The price of gold moved back above $1,560 on Thursday, setting the stage for a bigger move north as overvalued equities brace for correction following months of relentless gains.
Bullion rallied throughout the session on Thursday after flat-lining for much of the week. February gold futures jumped nearly $10 to $1,567.50 a troy ounce on the Comex division of the New York Mercantile Exchange. The yellow metal was last up $5.50, or 0.4%, to $1,562.20 an ounce.
Silver futures rose by as much as 8 cents before correcting lower. The February contract was last spotted at $17.81 an ounce, having declined 2 cents, or 0.1%.
Bullion can still add $140 to its current price as high-flying equity markets come crashing back down to earth. That’s according to Patrick Ceresa, founder of Big Picture Trading.
In an interview with Kitco News , Ceresa said:
I look at the way the liquidity flows in the market and we’ve entered a frothy parabolic phase in the markets with stocks such as Apple and Tesla driving this huge impulse higher. The S&P 500 tacked on just double-digit returns, 500 S&P points in just four months. These types of advances almost always mean-revert
In terms of actual price targets, Ceresa says a move towards $1,700 isn’t out of the question once equities begin their long unwind. The key for gold is to “hold above $1,500 during this consolidation that we’re in.”

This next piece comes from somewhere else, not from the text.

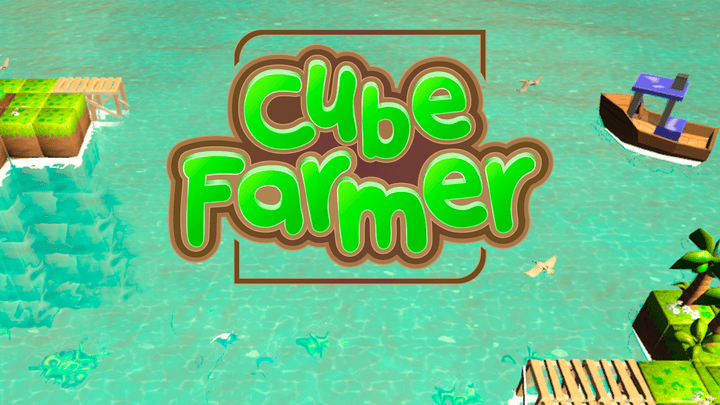 Cube Farmer cover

While the analyst isn’t concerned about valuation risks, several metrics place the S&P 500 in severe overvaluation territory. Price-to-sales, ratio of market value to total profits and technical analysis all suggest the major index is primed for reversal.

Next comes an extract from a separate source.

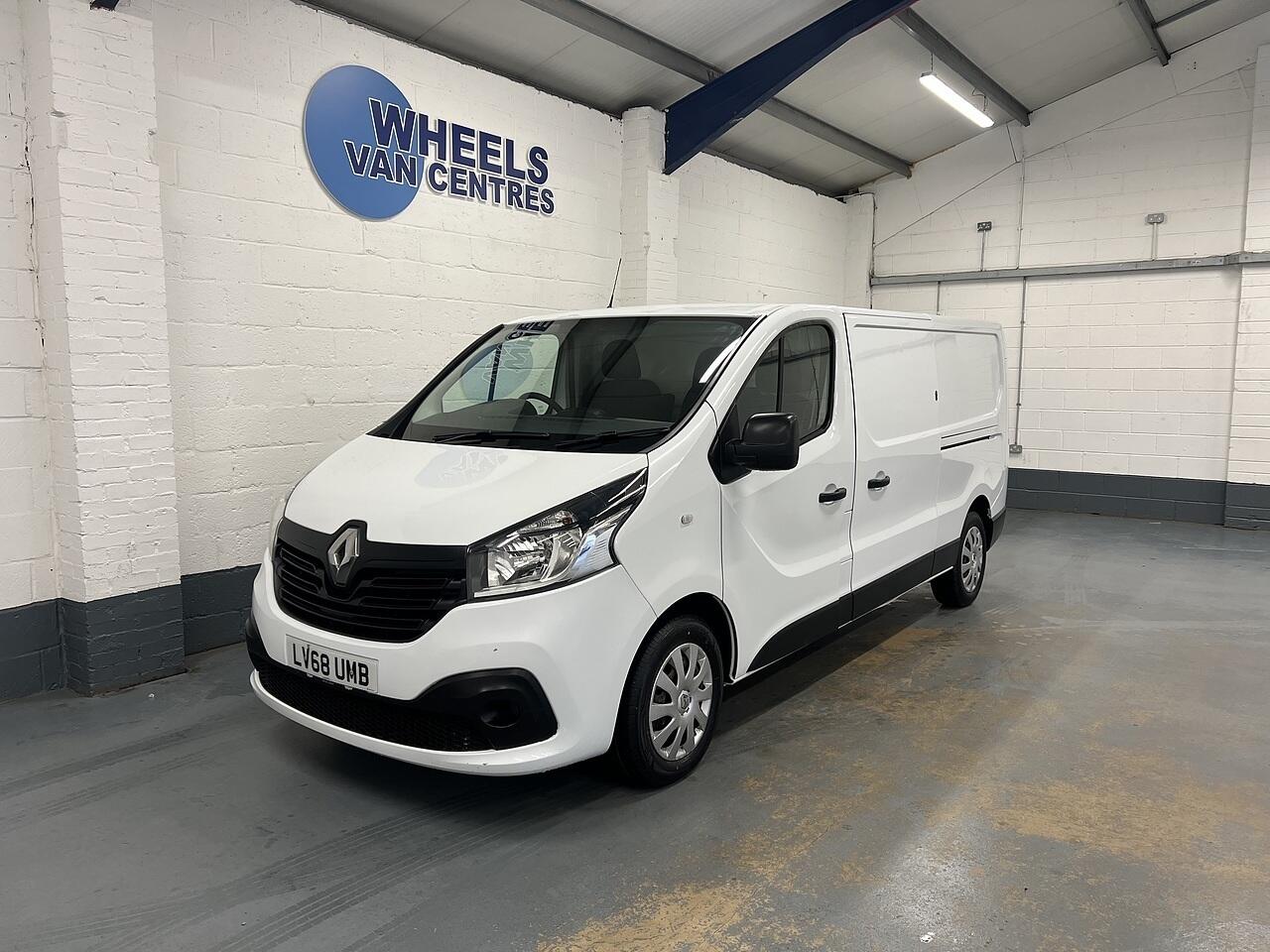 Used Renault Trafic 2019 for sale - 76773438: Photo 1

In terms of fundamentals, the S&P 500 is on track for a fourth-quarter earnings decline of 2.1%, according to FactSet . If the number holds, it would mark the fourth consecutive quarter of year-over-year declines.
U.S. stocks have yet to show any signs of major correction, but the record-setting gains we’ve come accustomed to are slowing. On Thursday, the S&P 500 Index finished up 0.1%.